Large-format CNC routing for large CFRP parts

5-axis CNC routers can provide fast, precision machining of increasingly larger parts, but also rapid payback.


High-speed machining has become a necessary function for carbon fiber reinforced plastic (CFRP) parts production. The video below shows the type of detailed, high-speed machining now common in the manufacture of CFRP parts for the aerospace industry.

Video of CFRP ring frame machining completed at Leading Edge Aerospace using an Anderson America large-format 5-axis CNC router.  SOURCE: Anderson America.

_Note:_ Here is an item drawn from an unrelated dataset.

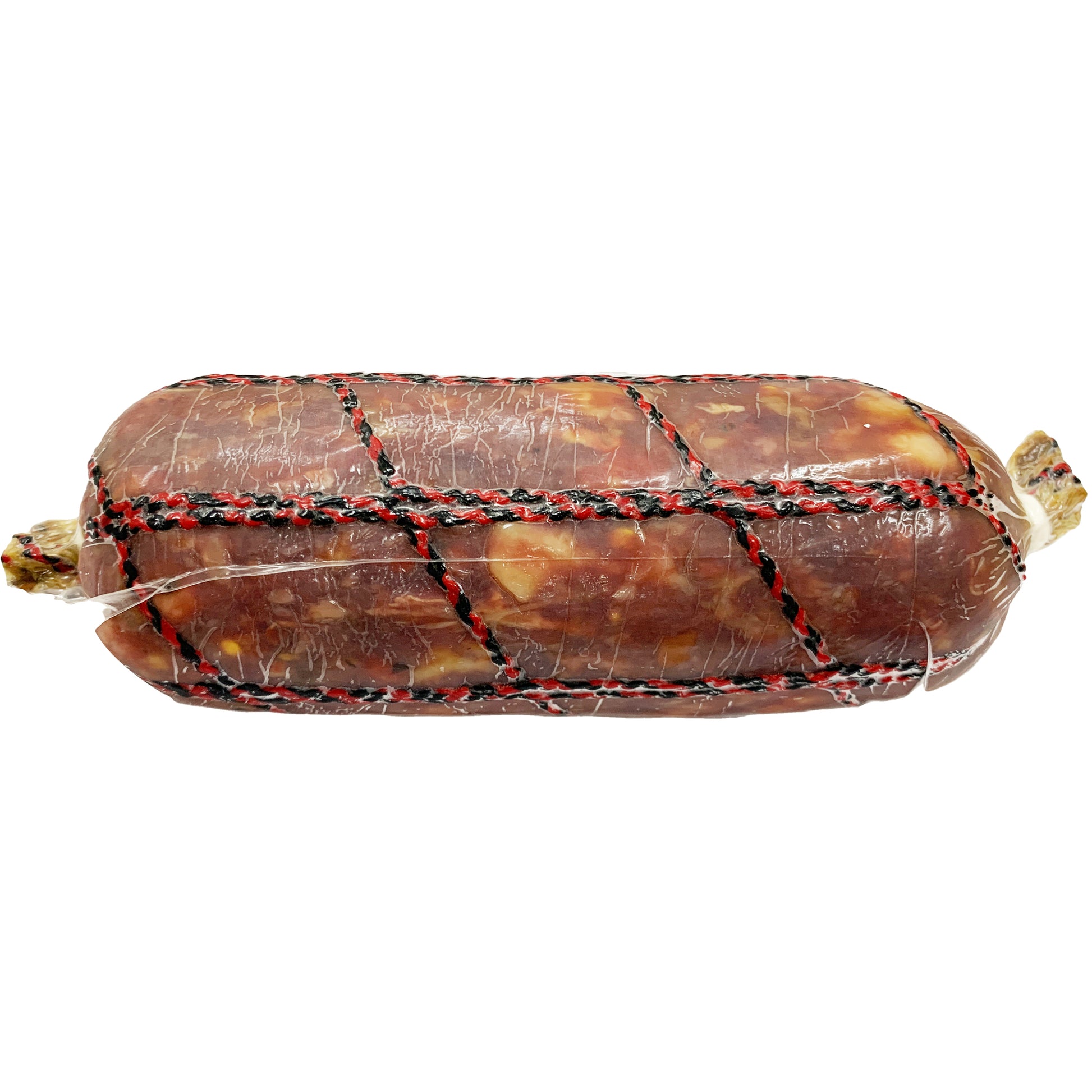 Goose On The Loose Kangaroo Chilli Salami | Harris Farm Online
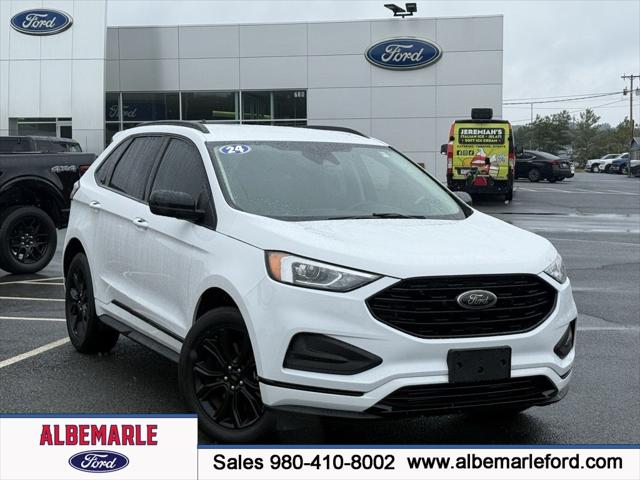 2024 Ford Edge SE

“High-speed 5-axis CNC routers not only move the head at a high rate, but also the tool at high RPM, which is key for machining carbon fiber parts,” says David Steranko, VP of sales for Anderson America (Pineville, NC, US). “These machines have the ability to pay back the capital expense rapidly as well,” he notes. For example, in the past, fabricators bought large-format metal machining centers costing $4-5 million. “CNC routers were viewed as not precise enough,” says Steranko, “but advances over the past decade have enabled the precision and even higher speed, without the cost.” He notes these large-part capable, high-speed 5-axis CNC routers cost $500,000 to $900,000.

Steranko says the shape, thickness and size of parts being demanded today typically won’t fit standard 5-axis CNC routers. “The challenge for us is to have bigger, faster machines but maintain high precision.” He says this has indeed been mastered, as can be seen in the video, and these machines can also machine multiple parts at the same time. “One customer is using twin tables so that the machine runs 24 hrs/day, 7 days/week,” says Steranko. “This is two to three times the performance of old machining centers.”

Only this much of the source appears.